¿De dónde la silenciosa tenacidad del iluso? Porque los tenaces hacen ruido, pero los ilusos comen solos y duermen a deshoras. El iluso se desliza por las calles los bares las camas, como si no buscara como si no quisiera encontrar. Aunque lo quiere todo, ya y para siempre.
¿De dónde ese soterrado y desmesurado afán de querer creer en algo del iluso? Porque los sindiós hacen ruido. Hasta tú, palabra miel, eres ruido recuerdo ahora, y decir por escrito desmesurado afán hace más ruido que un portazo de madrugada.
¿De dónde esta película-troyano que se instala en nosotros (como algunas ciudades) y nos empalidece a destiempo la sangre? No es una película es un estado de ánimo, dice uno de mis grillos amaestrados. Es un ectoplasma, le responde otro antes de ponerse a cantar.

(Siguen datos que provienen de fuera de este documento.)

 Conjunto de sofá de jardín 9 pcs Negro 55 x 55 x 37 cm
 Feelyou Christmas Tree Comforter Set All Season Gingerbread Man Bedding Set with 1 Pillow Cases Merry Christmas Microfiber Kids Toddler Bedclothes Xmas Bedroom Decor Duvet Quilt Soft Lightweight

Cuando menos te lo esperes (maldiciendo una cana frente al espejo, sacando punta a un lápiz o poniendo la mesa) se te aparecerá, se manifestará rompiendo los dos vasos que llevabas en la mano, y lo verás todo en tresdé sin necesidad de gafas siquiera.
El iluso parece que no mira, parece que no ve, parece que pasa por los escaparates de las librerías y de los cuerpos con una frivolidad obligada. Pero no. La mirada del iluso es la mirada punzante y perpleja de un halcón peregrino (porque la suerte del iluso es peregrinar) que sólo oteara por gusto, no por hambre. Esa misma mirada que ya vimos en Alexandre (el de La mamá y la puta, el mayor de los ilusos), ahora reencarnada en los ojos de Francesco Carril. Aunque eso es otra historia.